[Caption-style text data]

--------------------------------------------------

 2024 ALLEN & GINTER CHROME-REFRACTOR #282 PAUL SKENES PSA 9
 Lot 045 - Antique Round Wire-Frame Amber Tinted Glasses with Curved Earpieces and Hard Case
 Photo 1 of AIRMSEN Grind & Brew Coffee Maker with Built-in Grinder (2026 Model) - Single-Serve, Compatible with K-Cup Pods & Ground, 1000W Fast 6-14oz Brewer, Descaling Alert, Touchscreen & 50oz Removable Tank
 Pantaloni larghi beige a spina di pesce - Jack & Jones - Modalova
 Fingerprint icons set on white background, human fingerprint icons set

--------------------------------------------------

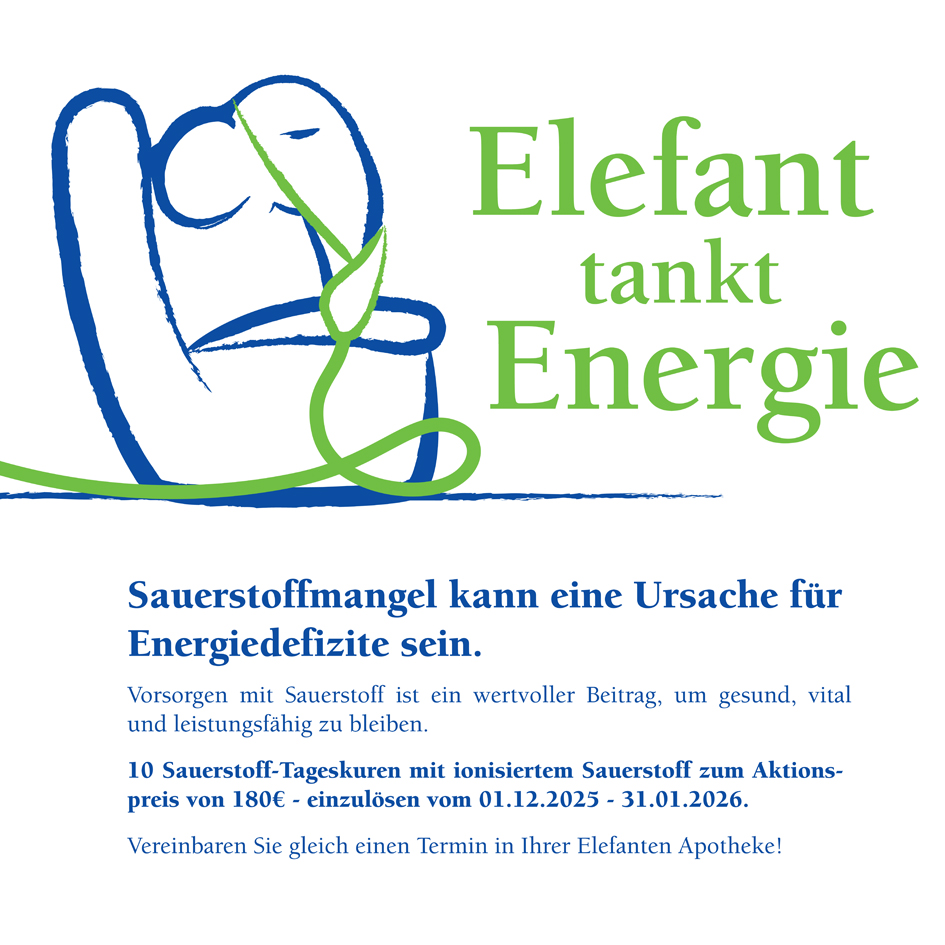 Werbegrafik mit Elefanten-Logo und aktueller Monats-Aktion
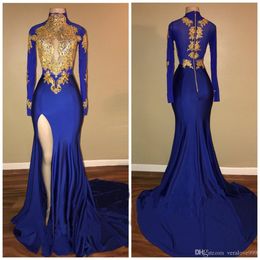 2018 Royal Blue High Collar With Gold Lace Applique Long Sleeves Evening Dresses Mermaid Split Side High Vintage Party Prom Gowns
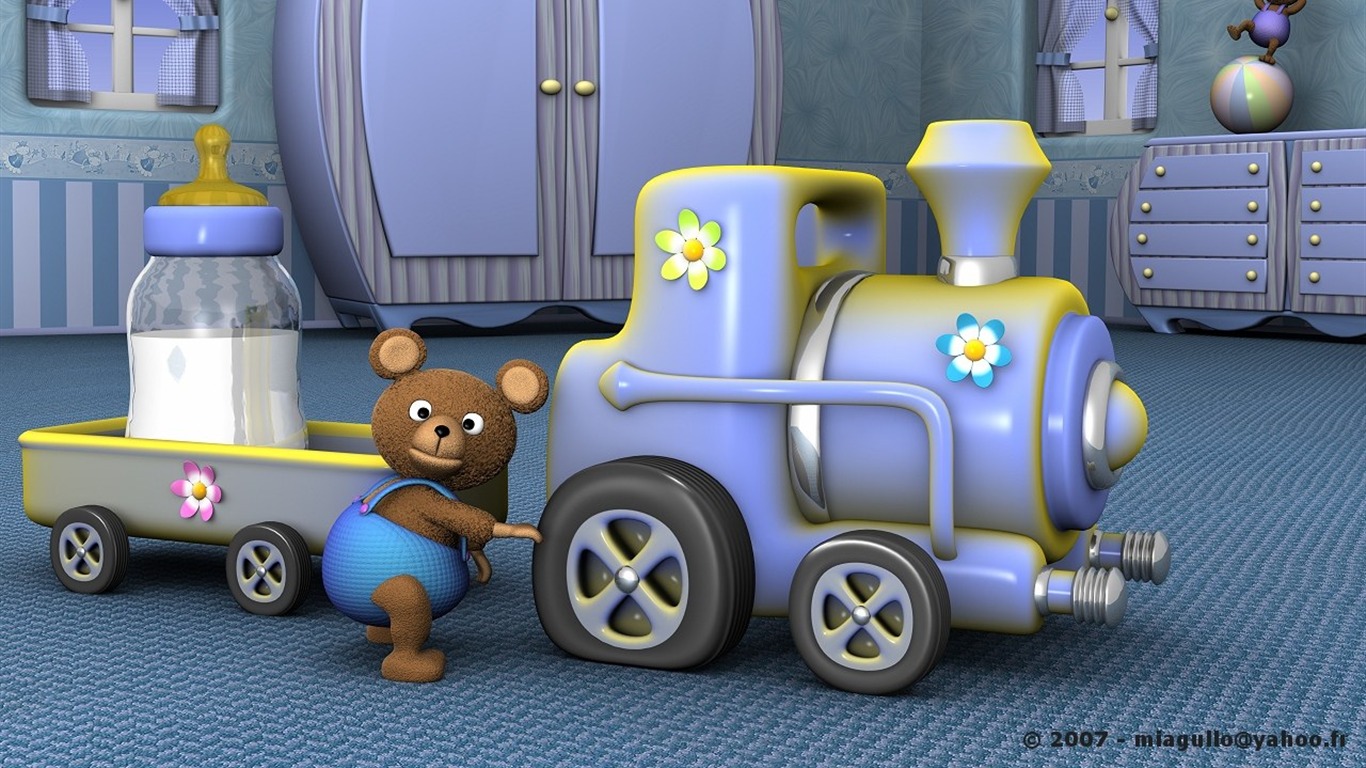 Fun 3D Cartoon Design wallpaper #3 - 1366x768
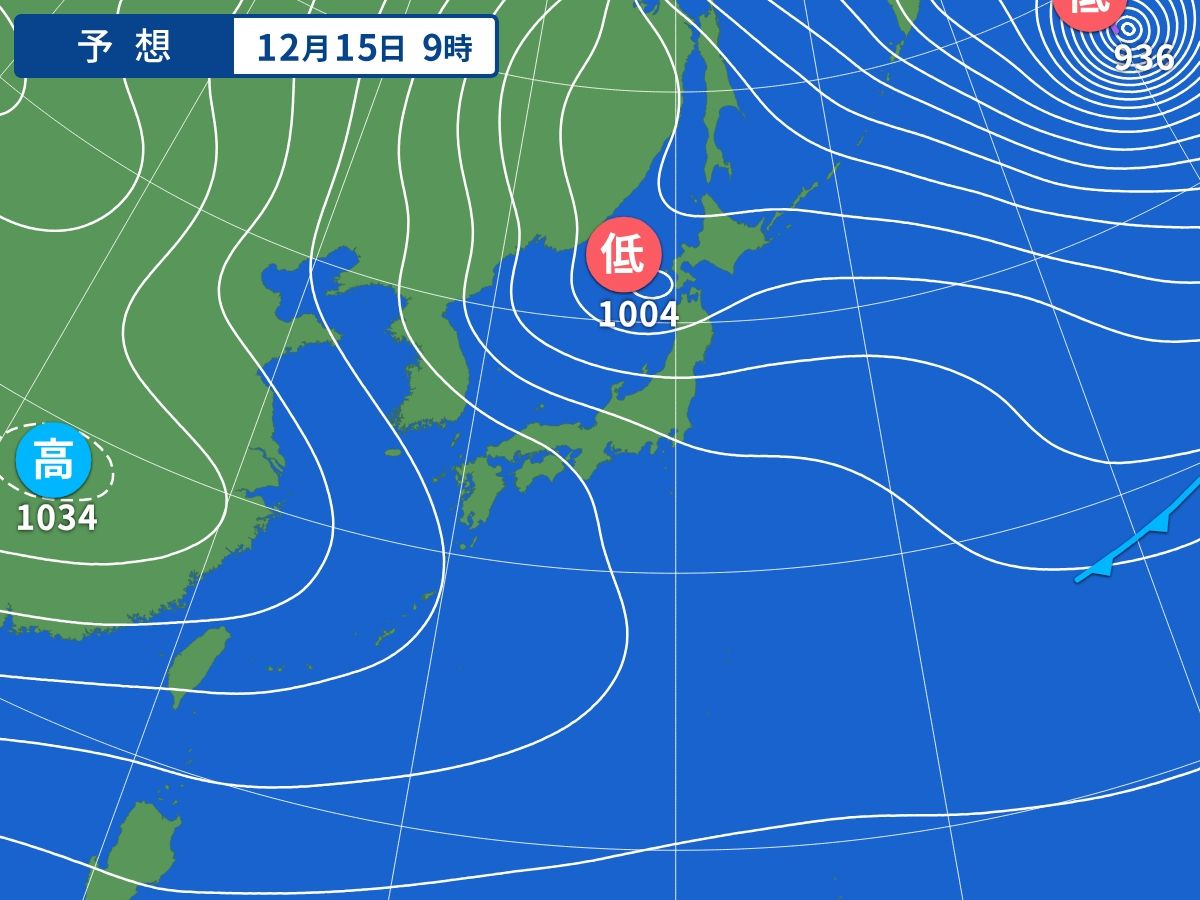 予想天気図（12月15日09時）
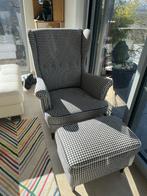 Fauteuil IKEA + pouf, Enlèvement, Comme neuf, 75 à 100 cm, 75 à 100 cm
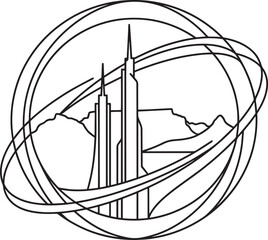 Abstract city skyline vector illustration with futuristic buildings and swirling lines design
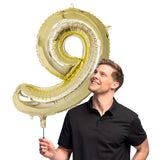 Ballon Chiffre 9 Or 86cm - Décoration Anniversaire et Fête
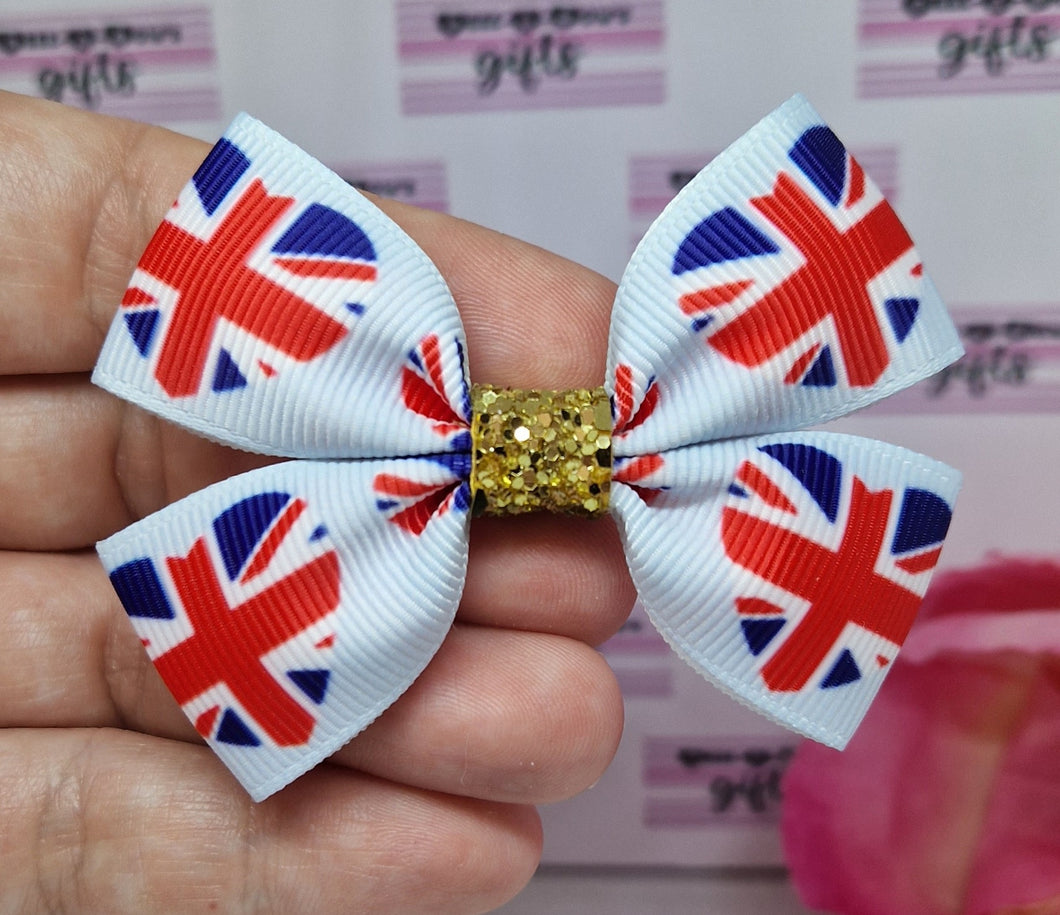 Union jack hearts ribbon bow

--------------------------------------------------

▶ What you will do: Would you copy, word for word, only the lines above from the one containing "Fun 3D Cartoon" through the one containing "Union jack hearts ribbon bow", both included, and please leave out the pictures?

▶ Answer space:
 Fun 3D Cartoon Design wallpaper #3 - 1366x768
 予想天気図（12月15日09時）
 Fauteuil IKEA + pouf, Enlèvement, Comme neuf, 75 à 100 cm, 75 à 100 cm
 Abstract city skyline vector illustration with futuristic buildings and swirling lines design
 Ballon Chiffre 9 Or 86cm - Décoration Anniversaire et Fête
 Union jack hearts ribbon bow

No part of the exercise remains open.